Patients aged 65 and older with mantle cell lymphoma (MCL) were given Imbruvica or a placebo along with a chemotherapy regimen of bendamustine and autoimmune drug rituximab.
Those who received Imbruvica, known chemically as ibrutinib, on average went 80.6 months before their disease began to worsen, a measure known as progression-free survival (PFS). That compared with 52.9 months for the chemotherapy regimen in the 523-patient trial.
Results of the study were presented at the annual American Society of Clinical Oncology (ASCO) meeting in Chicago.
Dr. Julie Gralow, chief medical officer of ASCO, said the study could be practice changing for doctors who treat MCL, calling the results “a pretty dramatic increase in how long the patient stayed on treatment without progressing.”

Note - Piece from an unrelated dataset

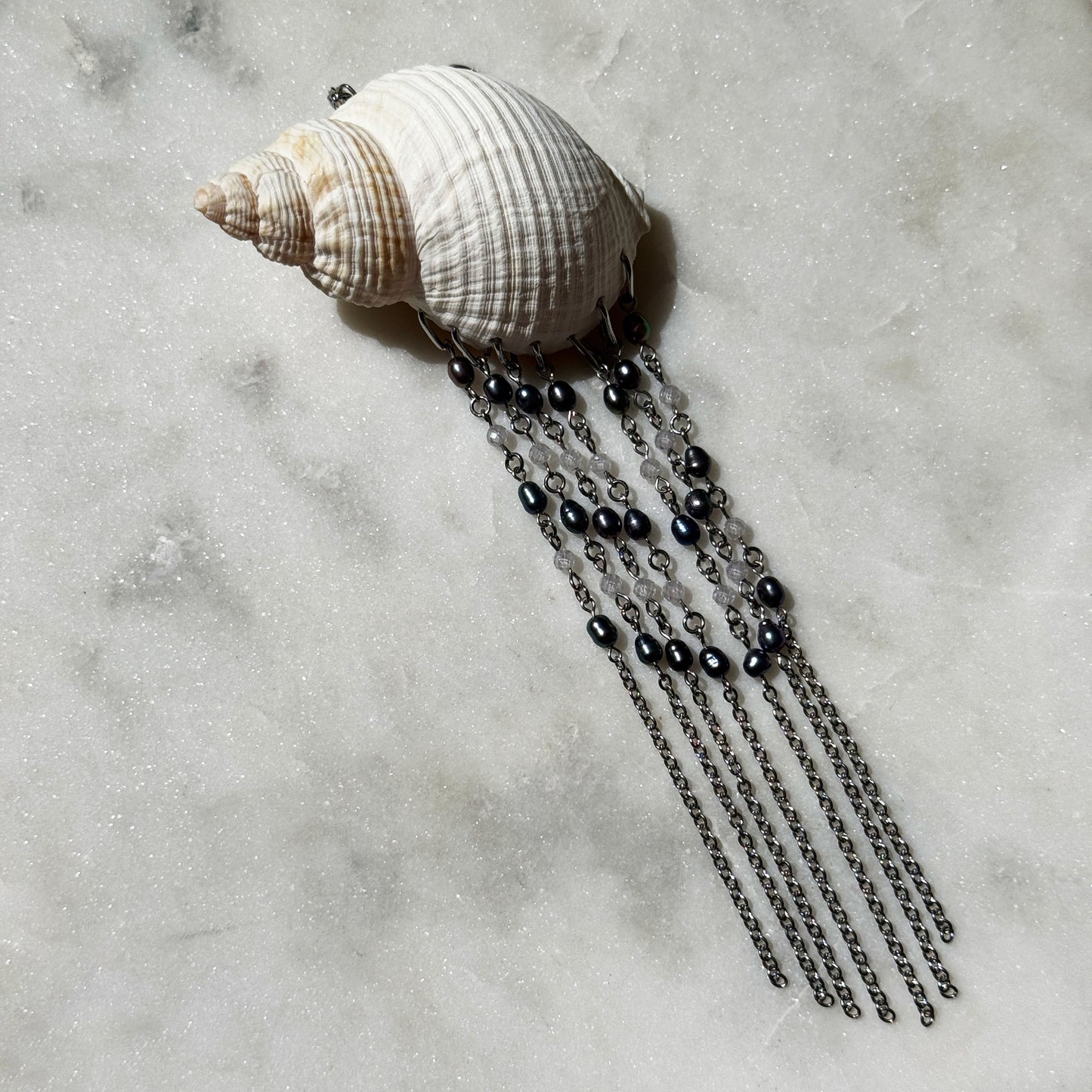 Large Shell Fringe Pendant with Black Pearls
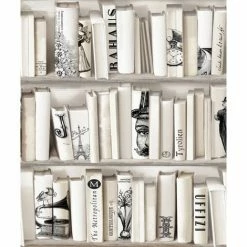 Cream Beige Bookcase Wallpaper Library French Vintage Encyclopedia Retro Muriva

MCL is a rare type of lymphoma with an incidence of around 1 case per 200,000 people a year. It occurs more commonly in men and in older patients.
Imbruvica, an oral drug, has become an important treatment for chronic lymphocytic leukemia (CLL), with nearly $10 billion in sales worldwide in 2021. It is also approved to treat adults who have received at least one prior therapy for MCL.
In March, J&J filed for approval in Europe to use the drug as an initial, or first-line, treatment for MCL based on the data from this study.
The company said it is currently in discussions with other global regulators about expanding its use in other countries.